History of the Surrounding Area

Cherry Island at Fort Augustus

Leaving Fort Augustus travelling north on the A82 after about a mile (1.6km) you will reach Inchnacardoch Bay. It is in this bay that the only island on Loch Ness is situated. Cherry Island, or to give it its correct name “Eileen Mhuireach”, means island of Murdoch. Although all that can be seen today is a rocky tree clad island, it is in fact man made and is known as a crannog, which originally covered an area of 160ft by 180ft (48mts by 54 mts). Crannogs date back to prehistoric times and were built to protect people from wild animals, such as bears and wolfs, but it also gave protection from other clans when they came raiding. Large beams of oak were laid on silt constructed Crannogs and oak posts were driven vertically down the outside edge of the beams. Boulders and rocks were placed on top of the oak beams until the island was above water level. Then soil and turf were added; it was after this that the buildings were put into place. These would consist of pens for the livestock. Then a large defensive wooden fence would have totally encircled the crannog. Some crannogs had a shallow causeway to the land, where others had a boat to ferry them to and fro. In their time the crannogs would have been a formidable stronghold.

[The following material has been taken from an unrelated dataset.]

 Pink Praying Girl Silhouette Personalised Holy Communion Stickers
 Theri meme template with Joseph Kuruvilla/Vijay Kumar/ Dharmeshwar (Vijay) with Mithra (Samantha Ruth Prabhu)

If you get time during your visit you can set sail aboard the Royal Scot whose Loch tour gives more information and an opportunity to see the hotel from the centre of the loch.

Local area information surrounding Fort Augustus and Loch Ness

Below is some more general information about the history of the local area.

Fort Augustus is in the Scottish Highlands, at the south west end of Loch Ness. The village has a population of around 646 (2001). Until the early 18th century the settlement was called Kiliwhimin, and the Gaelic name for the modern village is still Cill Chuimein. It was renamed 'Fort Augustus' after the unsuccessful Jacobite Rising of 1715. The accepted etymology is that the settlement was originally named after Saint Cummein of Iona who built a church there. Other suggestions are that it was originally called Ku Chuimein after one of two abbots of Iona of the Comyn clan, whose badge Lus mhic Chuimein refers to the cumin plant, or that it was called Cill a' Chuimein ("Comyn's Burialplace") after the last Comyn in Lochaber.
In the aftermath of the Jacobite uprising in 1715, General Wade built a fort (taking from 1729 until 1742) which was named after the Duke of Cumberland. The settlement grew, and eventually took the name of this fort. The fort was captured by the Jacobites in April 1745, just prior to the Battle of Culloden.

The actual fort was sold to the Lovat family in 1867 and in 1876 they passed the site and land onto the Benedictine order. The monks set up Fort Augustus Abbey from the fort and later constructed a school there, but abandoned the site in 1998. For several years after that it was owned by Terry Nutkins.

He also owned the Lovat Hotel that stands on the site of the old Kilwhimen Barracks, one of four built in 1718. This houses the west curtain wall of the old Fort, intact with gun embrasures. The Lovat was originally built as the local Station Hotel.

In 1857 the fort was sold for £5,000 to Lord Lovat, whose son Simon, the thirteenth Lord Lovat, offered it and the land surrounding in 1876 to the Benedictine Fathers. In September of the same year, the foundation stone of a college, monastery and hospice was laid and the monastery was inaugurated in 1878. The abbey, with its monastic school and guesthouse buildings, stands in 15 acres of grounds and a further 8 to 10 acres are used for playing fields or growing vegetables. Twenty-five priests and 15 lay brothers were housed within the abbey, and, during term, 155 boys. A new school wing, built through the generosity of Sir James Calder, a former pupil of the school, came into use in 1960. From 1903 to 1933 a railway line carried passengers between Fort Augustus and the West Highland line at Spean Bridge and continued to carry goods until after the last war. The dismantled viaduct and other bridges, and the line of the route with its embankments and cuttings, are sad reminders of the time when one could travel by train to this beautiful village.